Inaugural meeting of 2019 Software Sustainability Institute fellows

On Tuesday I was up at the University of Manchester for the first meeting of the 2019 Fellowship. The Institute gave us a great introduction and it was good how much they were keen to hear from us what we needed by way of support.

2019 event
Most of the day was taken up with short talks from all the Fellows.  Some particular highlights for me:

Lucy Whalley talked about getting research software published, as a way to get recognition for coding and raise the importance of software outputs.
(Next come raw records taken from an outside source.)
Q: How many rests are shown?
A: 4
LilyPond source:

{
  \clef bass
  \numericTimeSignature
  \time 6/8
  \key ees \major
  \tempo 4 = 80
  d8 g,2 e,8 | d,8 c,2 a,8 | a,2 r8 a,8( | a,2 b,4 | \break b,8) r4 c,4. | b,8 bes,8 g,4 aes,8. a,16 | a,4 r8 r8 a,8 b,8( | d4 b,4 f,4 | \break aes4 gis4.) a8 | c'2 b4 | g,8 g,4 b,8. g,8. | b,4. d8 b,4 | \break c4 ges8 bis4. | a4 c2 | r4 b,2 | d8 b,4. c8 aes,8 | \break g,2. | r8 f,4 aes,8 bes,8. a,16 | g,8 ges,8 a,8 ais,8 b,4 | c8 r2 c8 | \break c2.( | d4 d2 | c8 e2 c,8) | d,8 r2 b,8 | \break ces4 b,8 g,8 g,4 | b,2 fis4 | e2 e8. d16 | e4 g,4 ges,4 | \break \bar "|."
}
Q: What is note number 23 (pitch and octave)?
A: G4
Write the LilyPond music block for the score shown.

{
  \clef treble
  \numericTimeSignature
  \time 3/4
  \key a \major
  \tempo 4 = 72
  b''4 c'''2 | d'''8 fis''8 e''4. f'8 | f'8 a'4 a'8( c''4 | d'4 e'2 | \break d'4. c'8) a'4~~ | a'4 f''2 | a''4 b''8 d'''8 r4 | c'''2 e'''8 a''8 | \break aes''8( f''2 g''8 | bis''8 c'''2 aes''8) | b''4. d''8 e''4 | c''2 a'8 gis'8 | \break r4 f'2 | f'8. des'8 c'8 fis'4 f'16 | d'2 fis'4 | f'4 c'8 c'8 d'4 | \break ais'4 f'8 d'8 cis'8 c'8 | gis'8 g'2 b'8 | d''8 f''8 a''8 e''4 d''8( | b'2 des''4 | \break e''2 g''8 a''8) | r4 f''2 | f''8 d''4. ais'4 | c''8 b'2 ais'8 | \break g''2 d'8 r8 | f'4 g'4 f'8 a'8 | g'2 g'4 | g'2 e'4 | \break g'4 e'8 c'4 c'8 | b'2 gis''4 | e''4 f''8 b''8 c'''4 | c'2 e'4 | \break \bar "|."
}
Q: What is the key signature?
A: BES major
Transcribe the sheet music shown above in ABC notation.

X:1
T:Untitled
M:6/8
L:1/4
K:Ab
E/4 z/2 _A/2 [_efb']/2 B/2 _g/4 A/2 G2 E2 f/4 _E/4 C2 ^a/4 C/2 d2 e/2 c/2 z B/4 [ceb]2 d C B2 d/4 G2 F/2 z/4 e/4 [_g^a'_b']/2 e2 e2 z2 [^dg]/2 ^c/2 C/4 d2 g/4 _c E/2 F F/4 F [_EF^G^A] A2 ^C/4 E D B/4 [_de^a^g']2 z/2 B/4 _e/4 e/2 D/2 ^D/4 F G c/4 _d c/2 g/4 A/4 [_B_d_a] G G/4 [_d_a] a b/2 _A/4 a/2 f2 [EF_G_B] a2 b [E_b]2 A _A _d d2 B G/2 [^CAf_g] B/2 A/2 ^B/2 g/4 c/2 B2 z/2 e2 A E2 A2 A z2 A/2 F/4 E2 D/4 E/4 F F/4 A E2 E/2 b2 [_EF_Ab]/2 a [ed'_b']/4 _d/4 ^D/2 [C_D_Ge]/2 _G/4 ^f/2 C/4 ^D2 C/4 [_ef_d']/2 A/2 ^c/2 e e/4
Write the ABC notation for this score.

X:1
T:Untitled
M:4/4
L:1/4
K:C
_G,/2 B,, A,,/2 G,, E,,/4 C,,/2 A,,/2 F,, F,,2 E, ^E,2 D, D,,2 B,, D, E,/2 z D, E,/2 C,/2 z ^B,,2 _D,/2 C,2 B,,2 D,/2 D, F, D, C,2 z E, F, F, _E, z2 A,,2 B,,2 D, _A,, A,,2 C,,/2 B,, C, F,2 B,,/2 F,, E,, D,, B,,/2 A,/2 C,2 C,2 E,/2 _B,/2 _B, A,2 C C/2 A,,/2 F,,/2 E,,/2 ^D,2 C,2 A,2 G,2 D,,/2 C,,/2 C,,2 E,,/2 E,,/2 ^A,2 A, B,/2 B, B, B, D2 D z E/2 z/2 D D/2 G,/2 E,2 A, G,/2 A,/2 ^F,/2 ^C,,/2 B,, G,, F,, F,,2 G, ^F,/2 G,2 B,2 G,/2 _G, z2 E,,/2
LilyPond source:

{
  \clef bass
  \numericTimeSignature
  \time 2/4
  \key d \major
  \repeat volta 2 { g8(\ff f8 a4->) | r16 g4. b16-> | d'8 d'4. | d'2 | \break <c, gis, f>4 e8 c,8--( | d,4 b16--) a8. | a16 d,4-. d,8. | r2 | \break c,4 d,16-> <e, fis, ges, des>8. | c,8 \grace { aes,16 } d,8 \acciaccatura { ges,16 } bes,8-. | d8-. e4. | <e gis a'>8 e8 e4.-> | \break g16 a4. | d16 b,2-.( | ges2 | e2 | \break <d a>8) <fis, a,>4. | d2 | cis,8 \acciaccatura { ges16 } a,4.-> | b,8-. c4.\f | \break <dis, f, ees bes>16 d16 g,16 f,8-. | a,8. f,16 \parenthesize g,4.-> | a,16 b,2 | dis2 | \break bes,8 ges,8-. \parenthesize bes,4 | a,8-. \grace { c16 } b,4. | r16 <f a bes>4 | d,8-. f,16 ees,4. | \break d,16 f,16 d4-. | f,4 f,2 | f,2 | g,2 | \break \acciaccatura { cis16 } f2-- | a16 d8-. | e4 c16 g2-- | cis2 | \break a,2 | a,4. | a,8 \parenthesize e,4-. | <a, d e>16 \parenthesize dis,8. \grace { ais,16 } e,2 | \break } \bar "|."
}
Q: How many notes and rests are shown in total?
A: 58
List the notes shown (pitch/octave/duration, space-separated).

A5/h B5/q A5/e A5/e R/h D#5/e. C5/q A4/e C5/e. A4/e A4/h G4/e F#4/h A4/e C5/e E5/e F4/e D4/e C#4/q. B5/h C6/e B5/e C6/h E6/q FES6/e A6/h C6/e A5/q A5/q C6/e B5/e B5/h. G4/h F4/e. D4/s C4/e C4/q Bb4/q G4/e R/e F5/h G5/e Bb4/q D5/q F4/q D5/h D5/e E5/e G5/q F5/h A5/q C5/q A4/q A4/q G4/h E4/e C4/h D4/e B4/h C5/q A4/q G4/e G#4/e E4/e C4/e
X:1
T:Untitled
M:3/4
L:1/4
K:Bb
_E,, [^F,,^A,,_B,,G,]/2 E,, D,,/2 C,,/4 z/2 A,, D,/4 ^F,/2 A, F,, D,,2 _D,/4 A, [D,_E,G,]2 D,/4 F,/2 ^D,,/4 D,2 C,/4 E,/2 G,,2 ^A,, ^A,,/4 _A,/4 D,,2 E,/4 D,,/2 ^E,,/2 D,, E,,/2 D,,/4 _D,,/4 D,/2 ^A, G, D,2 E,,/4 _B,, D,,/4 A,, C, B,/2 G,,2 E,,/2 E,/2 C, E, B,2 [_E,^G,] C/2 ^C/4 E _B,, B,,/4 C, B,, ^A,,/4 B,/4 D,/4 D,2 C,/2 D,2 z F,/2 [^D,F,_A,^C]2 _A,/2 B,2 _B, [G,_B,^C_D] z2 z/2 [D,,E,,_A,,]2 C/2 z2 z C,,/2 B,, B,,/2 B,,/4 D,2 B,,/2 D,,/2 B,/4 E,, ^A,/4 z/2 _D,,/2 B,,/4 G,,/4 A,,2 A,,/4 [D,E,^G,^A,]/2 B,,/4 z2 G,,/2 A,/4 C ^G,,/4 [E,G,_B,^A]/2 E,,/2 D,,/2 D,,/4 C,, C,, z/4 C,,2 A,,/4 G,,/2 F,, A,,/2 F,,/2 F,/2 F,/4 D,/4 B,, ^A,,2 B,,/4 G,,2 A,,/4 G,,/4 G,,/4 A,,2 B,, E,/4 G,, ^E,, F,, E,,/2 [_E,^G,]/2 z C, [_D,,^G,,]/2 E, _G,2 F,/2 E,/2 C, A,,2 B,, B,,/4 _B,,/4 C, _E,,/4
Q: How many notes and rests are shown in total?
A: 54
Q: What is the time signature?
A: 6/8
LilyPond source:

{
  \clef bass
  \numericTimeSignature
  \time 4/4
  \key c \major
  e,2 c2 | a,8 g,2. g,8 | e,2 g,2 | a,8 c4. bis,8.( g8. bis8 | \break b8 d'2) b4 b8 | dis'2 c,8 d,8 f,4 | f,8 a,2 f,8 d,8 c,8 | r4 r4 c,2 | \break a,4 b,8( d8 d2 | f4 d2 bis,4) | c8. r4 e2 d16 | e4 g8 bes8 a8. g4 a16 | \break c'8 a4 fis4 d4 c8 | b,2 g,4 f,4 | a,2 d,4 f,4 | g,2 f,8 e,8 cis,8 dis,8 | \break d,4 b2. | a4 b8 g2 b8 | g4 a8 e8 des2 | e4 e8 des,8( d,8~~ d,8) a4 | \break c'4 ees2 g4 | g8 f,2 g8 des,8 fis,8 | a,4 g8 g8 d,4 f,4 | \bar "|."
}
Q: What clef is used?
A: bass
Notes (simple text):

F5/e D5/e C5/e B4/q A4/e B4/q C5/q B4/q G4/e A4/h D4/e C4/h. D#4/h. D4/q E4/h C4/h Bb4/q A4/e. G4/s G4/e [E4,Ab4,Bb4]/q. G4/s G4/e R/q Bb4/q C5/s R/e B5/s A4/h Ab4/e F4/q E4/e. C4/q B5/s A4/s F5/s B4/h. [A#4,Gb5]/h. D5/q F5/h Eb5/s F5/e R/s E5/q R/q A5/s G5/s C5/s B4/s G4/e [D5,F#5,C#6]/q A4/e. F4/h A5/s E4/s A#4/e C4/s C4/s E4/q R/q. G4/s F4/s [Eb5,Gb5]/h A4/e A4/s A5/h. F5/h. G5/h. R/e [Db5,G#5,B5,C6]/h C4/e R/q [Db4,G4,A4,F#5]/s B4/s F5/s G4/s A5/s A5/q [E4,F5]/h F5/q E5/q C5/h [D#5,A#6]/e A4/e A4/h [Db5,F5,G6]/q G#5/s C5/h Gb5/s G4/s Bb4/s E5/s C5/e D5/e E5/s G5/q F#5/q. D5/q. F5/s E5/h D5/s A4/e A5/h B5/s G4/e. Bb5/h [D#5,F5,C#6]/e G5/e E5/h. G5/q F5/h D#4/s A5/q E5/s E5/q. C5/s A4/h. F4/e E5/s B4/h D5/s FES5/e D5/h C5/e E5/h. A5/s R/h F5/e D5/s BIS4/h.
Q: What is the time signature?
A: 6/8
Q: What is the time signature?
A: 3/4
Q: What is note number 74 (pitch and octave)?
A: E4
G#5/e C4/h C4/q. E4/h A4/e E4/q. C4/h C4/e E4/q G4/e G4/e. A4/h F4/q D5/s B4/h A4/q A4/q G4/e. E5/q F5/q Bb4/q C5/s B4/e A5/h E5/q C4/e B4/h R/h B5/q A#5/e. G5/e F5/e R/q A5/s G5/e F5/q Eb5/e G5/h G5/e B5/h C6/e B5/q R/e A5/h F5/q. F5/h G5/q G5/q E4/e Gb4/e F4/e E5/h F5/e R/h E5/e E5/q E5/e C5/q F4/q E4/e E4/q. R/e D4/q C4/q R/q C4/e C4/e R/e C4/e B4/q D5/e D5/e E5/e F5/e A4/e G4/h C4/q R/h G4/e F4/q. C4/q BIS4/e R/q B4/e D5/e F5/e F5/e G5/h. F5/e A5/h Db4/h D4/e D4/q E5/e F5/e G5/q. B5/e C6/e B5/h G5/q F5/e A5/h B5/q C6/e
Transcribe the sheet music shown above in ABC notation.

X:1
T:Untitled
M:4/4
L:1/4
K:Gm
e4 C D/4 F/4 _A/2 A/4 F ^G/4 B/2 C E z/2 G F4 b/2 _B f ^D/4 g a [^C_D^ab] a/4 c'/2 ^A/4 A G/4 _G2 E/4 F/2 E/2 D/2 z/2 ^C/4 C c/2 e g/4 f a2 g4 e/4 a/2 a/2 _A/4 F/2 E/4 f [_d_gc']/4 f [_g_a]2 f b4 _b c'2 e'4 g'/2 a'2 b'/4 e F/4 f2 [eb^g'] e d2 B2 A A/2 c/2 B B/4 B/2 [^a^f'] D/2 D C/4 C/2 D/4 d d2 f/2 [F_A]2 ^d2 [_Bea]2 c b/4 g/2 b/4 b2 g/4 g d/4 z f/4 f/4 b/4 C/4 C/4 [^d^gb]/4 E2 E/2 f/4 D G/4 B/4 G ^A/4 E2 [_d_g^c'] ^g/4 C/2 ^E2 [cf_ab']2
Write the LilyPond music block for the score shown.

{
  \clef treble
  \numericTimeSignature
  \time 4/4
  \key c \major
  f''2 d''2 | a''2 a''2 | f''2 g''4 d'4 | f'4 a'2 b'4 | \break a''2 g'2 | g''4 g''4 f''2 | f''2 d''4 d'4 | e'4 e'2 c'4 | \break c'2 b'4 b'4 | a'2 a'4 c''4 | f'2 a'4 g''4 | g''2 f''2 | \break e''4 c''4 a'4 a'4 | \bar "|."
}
The Journal of Open Source Software is designed to support both good software practice and good research.

Ben Krikler has coined the term "hackshop" for a combined workshop and hackathon, taking place over a few days, with mixed ability attendees. He's been thinking about doing one on FPGA programming, and also about remote hackshops to reduce carbon emissions. I'd love to see more remote events - not just because of carbon-intensive travel, but also because in person events can be difficult for some people to attend and we tend to forget this.  International events may be getting tougher anyway -

https://twitter.com/realhamed/status/1131830313510998018
Mozhgan Kabiri chimeh is facilitating the use of accelerated architectures - making it easier to do complex systems modelling on GPUs by abstracting away the complexity of the GPU architecture.

Daniel Hobley is focussing on code quality and testing practices - especially important for his work at LandLab, where they are trying to bring best practice from open source into the research software world.

Jess Ward wins the prize for effective use of emojis and diagram design in her presentation.

Sorrel Harriet made the excellent point that sustainable does not mean enduring. Software needs to be maintainable, able to respond to change. There's no checklist for this, it's more of a philosophy.

Many Fellows mentioned the Carpentries - I knew of Software Carpentry and Library Carpentry but I hadn't realised there was a whole set connected together. It's a super practical way to improve research practice, not just in universities but in NGOs and other non-coding-centric organisations.

We met in the Atlas room in the Department of Computer Science, surrounded by "relics". This nice processing unit was almost as tall as me.